With regard to the language, the Lithuanians were no great chauvinists. If you did not know any Lithuanian when you came to Lithuania, you did not have to worry. You could speak together in Russian, in German, in Polish. Almost everyone in Lithuania understands one of the above mentioned languages. The streets of Kovno had inscriptions in three languages: Lithuanian, Polish and Yiddish. Credit, also, needs to be expressed. They were tolerant in relation to language. But conversely speaking, if they were tolerant, could they help themselves when they speak a language that even many of the Lithuanians themselves in the largest cities know very little of it, already evident with the other nationalities?

But what is the difference in which language one takes “sam ponimayesh,” as long as one takes. And no one can be blamed that he takes. From the salary that the government paid, the official could eat bread with a spoon and also not be sated. A quantity must be added to the livelihood willingly or unwillingly with “sam ponimayesh.”

And, perhaps, the government would not have been so very stingy and would have paid more, but it did not have more. Lithuania was given a state, but a naked and hollow one and almost without a groshen of dowry. They did receive something from the Soviet Union, several million rubles in gold at the conclusion of peace, but the several groshen went to pieces. Lithuania had no industry except for a few illegal distilleries and a few cigarette factories. And expenses – a great many. It had a very large army of soldiers and, perhaps, not a smaller army of officials in relation to its population. So, from where could it get so much money?
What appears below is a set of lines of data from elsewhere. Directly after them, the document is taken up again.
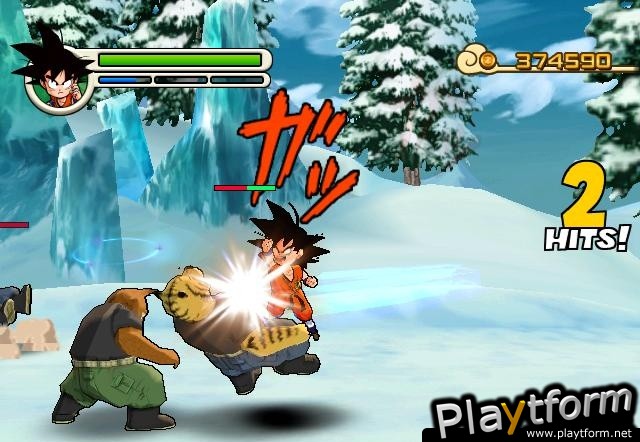 Dragon Ball: Revenge of King Piccolo (Wii)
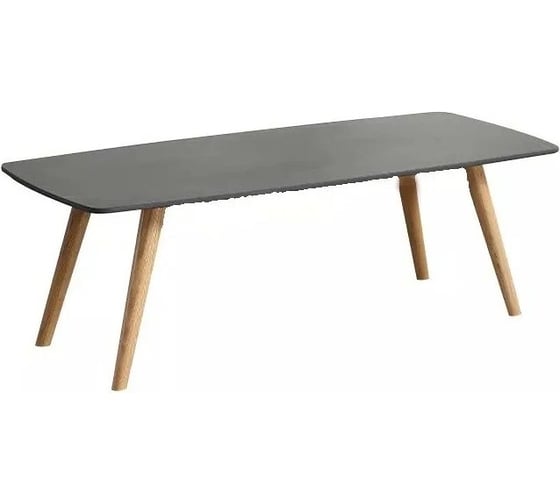 Столик ZDK Homium Family, прямоугольный, цвет черный table03black 1
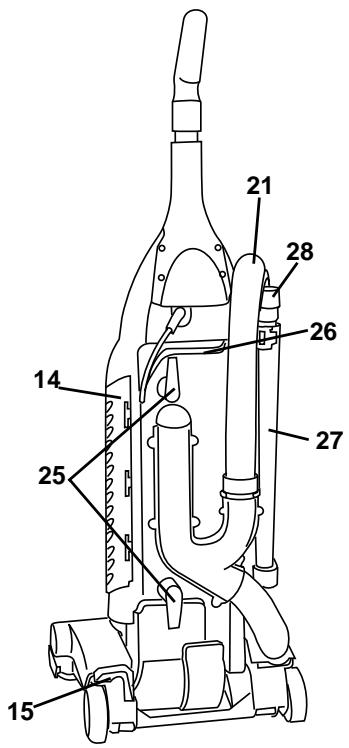 HOOVER SELF PROPELLED WINDTUNNEL BAGLESS - Cleaner description - 2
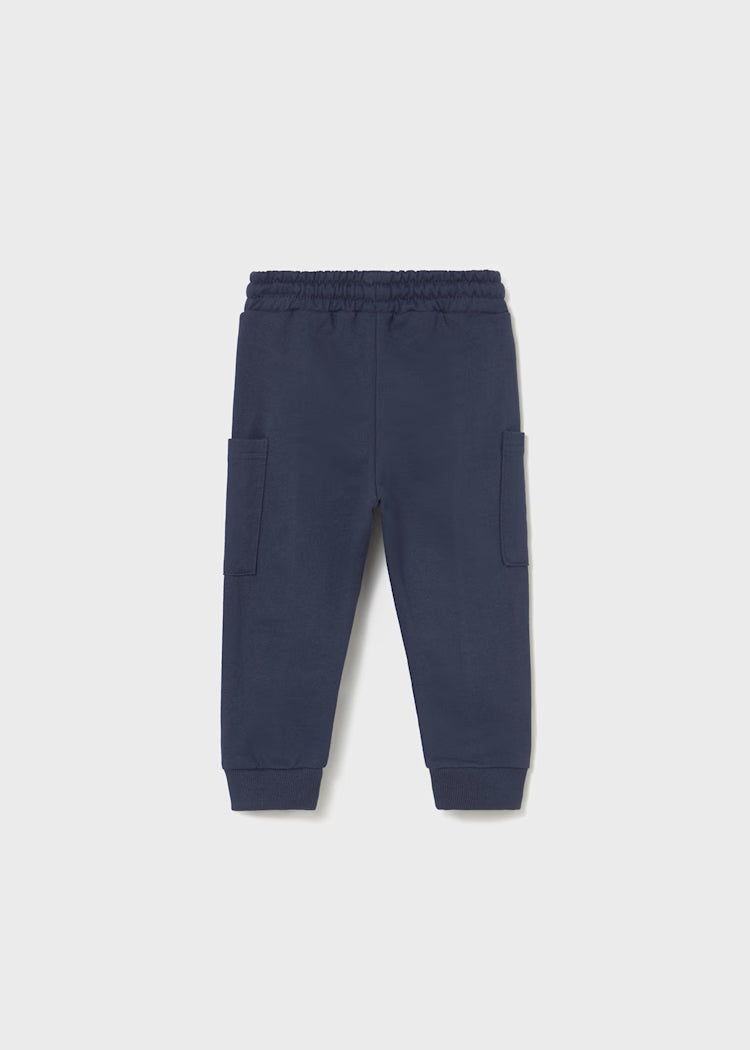 Chándal 2 pantalones estampado bebé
Lithuania possessed very few capable government people and capable officials. The Jews could have helped a good amount in this respect. The Jewish population then had incomparably more intellectual strengths than the Lithuanians. But the Lithuanians had very little desire to divide state offices among Jews, while anti-Semitism was found among the Lithuanians in a much larger measure. It did not matter that there was a Jewish minister with a Jewish ministry. He said that no noise should be made about such “trivialities.”

But, as the Lithuanian Jews were modest people, they said that they had no great complaints against the Lithuanian state. On the contrary, in general it was not a bad state for Jews. Yes, they were a little wronged? Well, what could one do?

My Second Visit

In 10 years I again visited the Lithuanian state.

It was in the beginning of the summer of 1931 when a desire awakened in me to make a trip to Europe. I wanted to make use of the opportunity to be at the International Socialist Congress that was held in Vienna and at the Universal Zionist Congress that was held in Bazel.

Understand that Kovno was the first Lithuanian city that I visited on my trip. The appearance of the city had greatly changed for the better in the 10 years since my first visit. I even found a new, modern hotel that the government had helped build. True, not first class but entirely passable. But perhaps because Kovno looked different, it looked strange to me. I longed for the small Lithuanian shtetlekh where I spent a certain time of my youth. I, therefore, chose a few that were particularly close to me. I had studied for several years in a religious primary school in Vashkai and I was a teacher for a few years in Pashvitinys. And traveling from Pashvitinys to Vashkai, I would stop in Linkeve [Linkuva] where I had relatives.

From Kovno, I went to Shavl [Šiauliai] by train and there I rented an old American Ford without a roof and I started out with it to see the world.

My first stop was in Poshvityn [Pašvitinys].

Poshvityn [Pašvitinys]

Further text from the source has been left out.